:: Work to be completed ::
Output every entry exactly as written, but omit the pictures.

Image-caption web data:
========

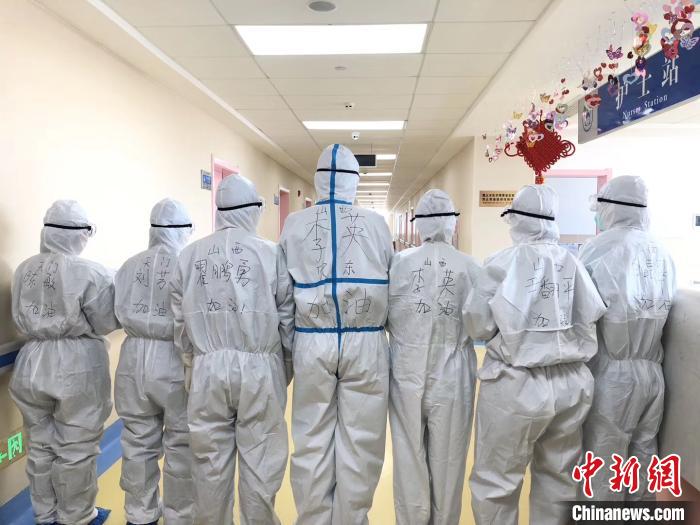 两地医护人员齐心协力共度难关。尹翻平供图 两地医护人员齐心协力共度难关。尹翻平供图
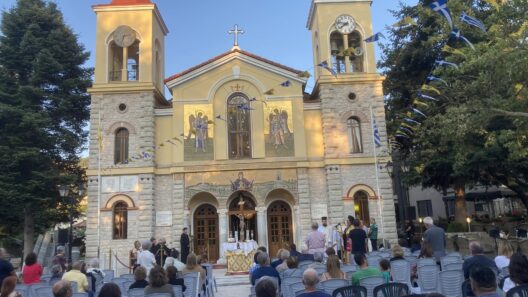 Υπαίθριος ο πανηγυρικός Αρχιερατικός εσπερινός στα Καλάβρυτα ΒΙΝΤΕΟ-ΦΩΤΟ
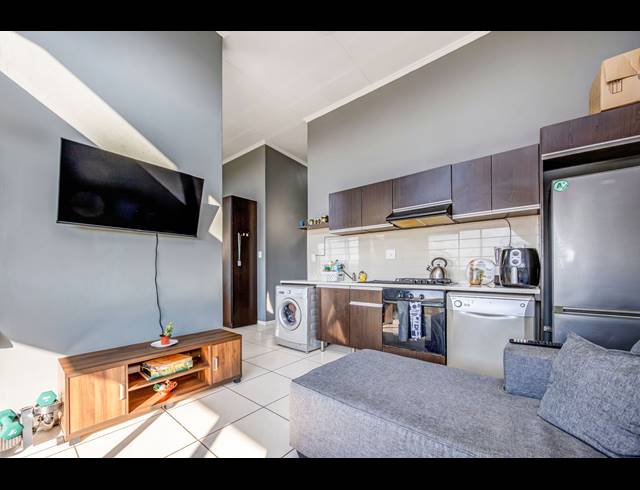 0.5 BEDROOM APARTMENT TO LET IN DAINFERN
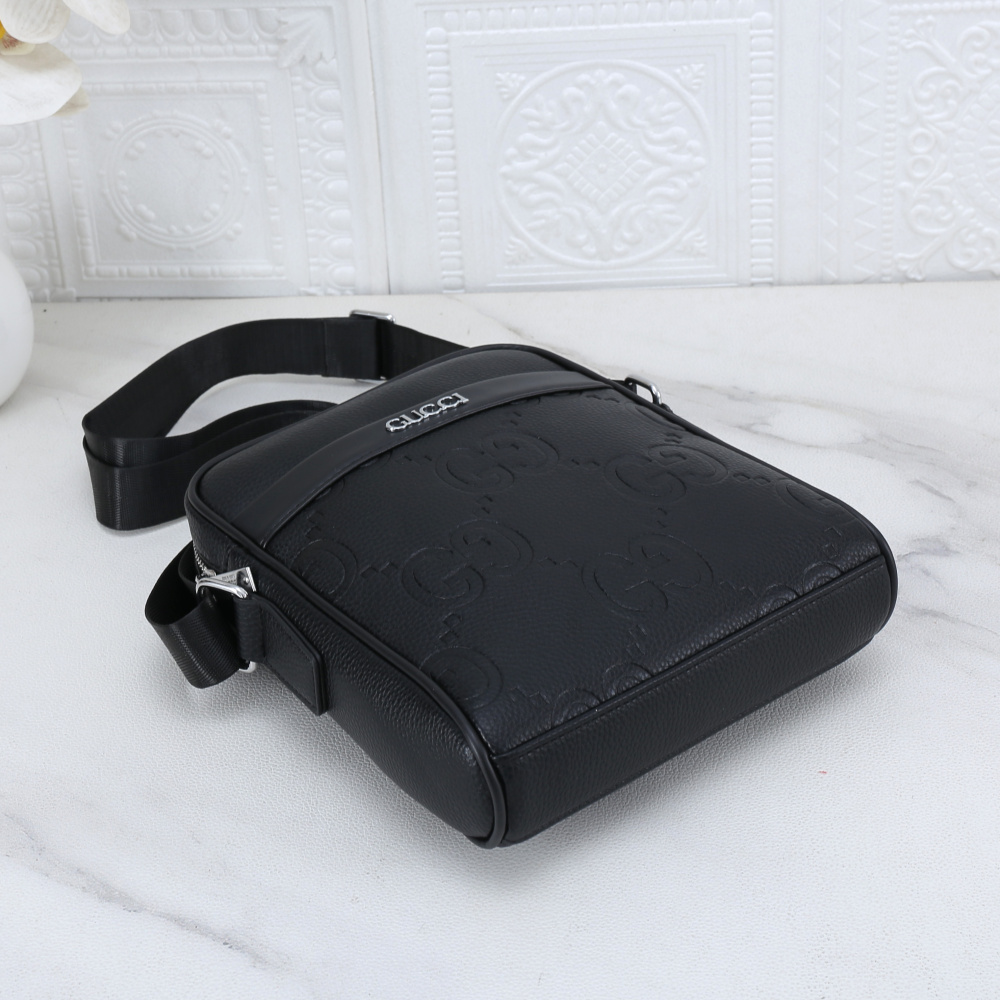 27$ GUCCI 2025-1 size 21x24x6 cm 312020 BR1864 gallery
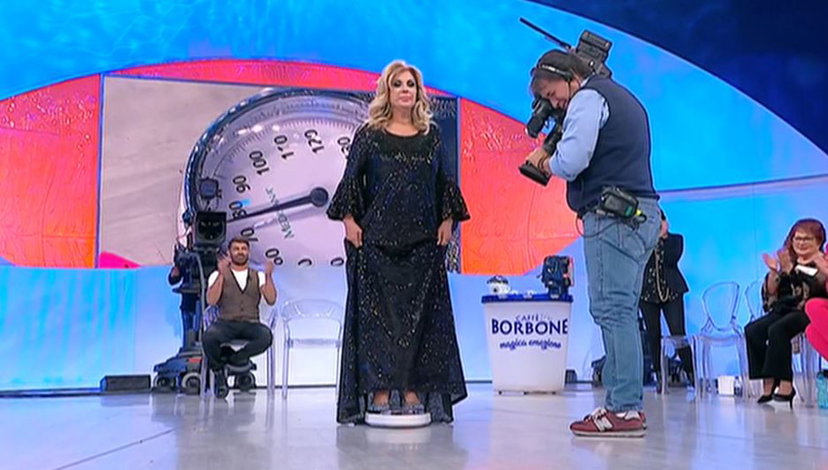 Tina Cipollari dieta, chili persi dopo 5 settimane: nutrizionista “bravissima!” preview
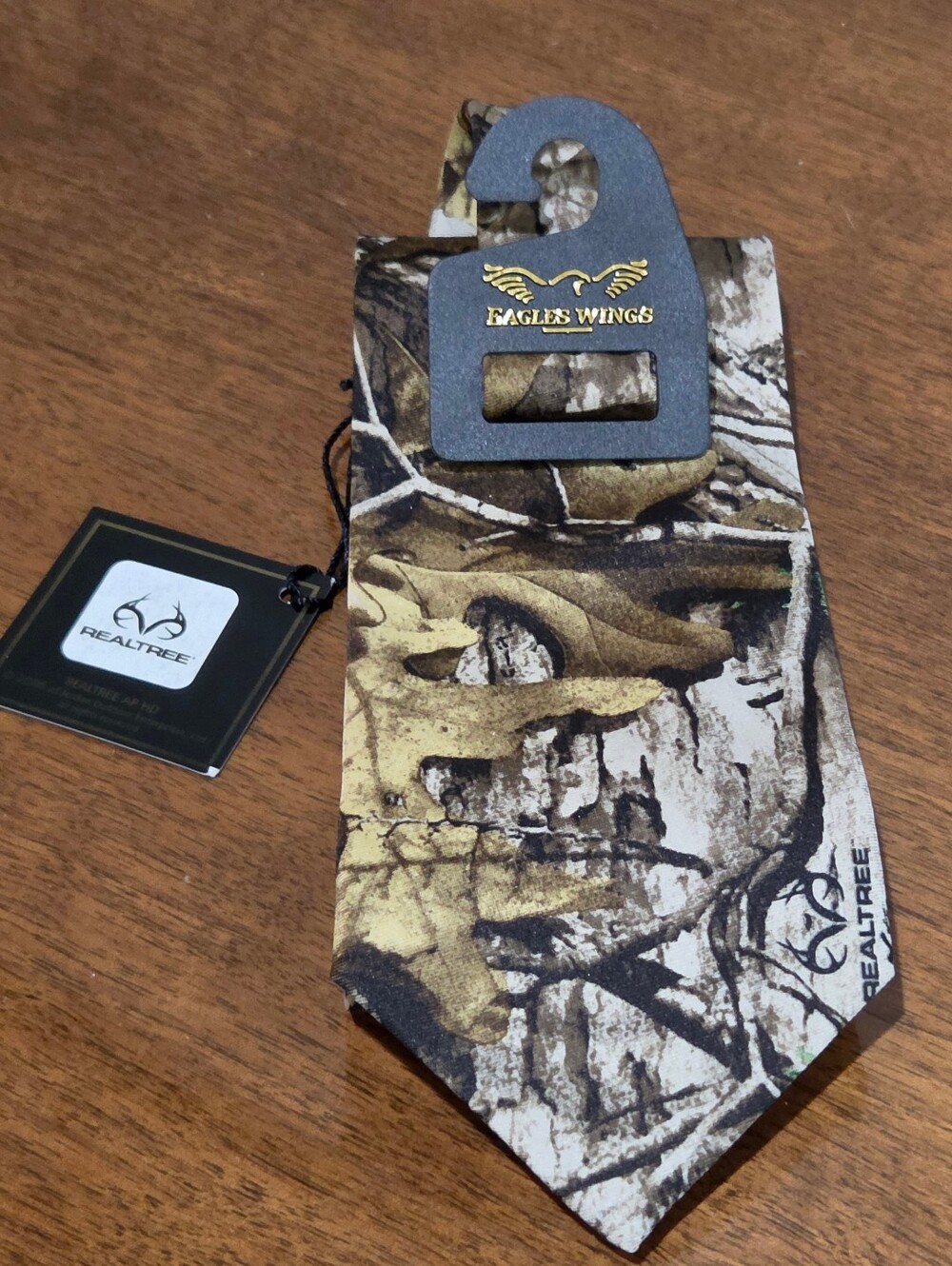 NWT Realtree Camo Tie Eagle Wings Men's Accessories,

========

:: Result of the exercise ::
 两地医护人员齐心协力共度难关。尹翻平供图 两地医护人员齐心协力共度难关。尹翻平供图
 Υπαίθριος ο πανηγυρικός Αρχιερατικός εσπερινός στα Καλάβρυτα ΒΙΝΤΕΟ-ΦΩΤΟ
 0.5 BEDROOM APARTMENT TO LET IN DAINFERN
 27$ GUCCI 2025-1 size 21x24x6 cm 312020 BR1864 gallery
 Tina Cipollari dieta, chili persi dopo 5 settimane: nutrizionista “bravissima!” preview
 NWT Realtree Camo Tie Eagle Wings Men's Accessories,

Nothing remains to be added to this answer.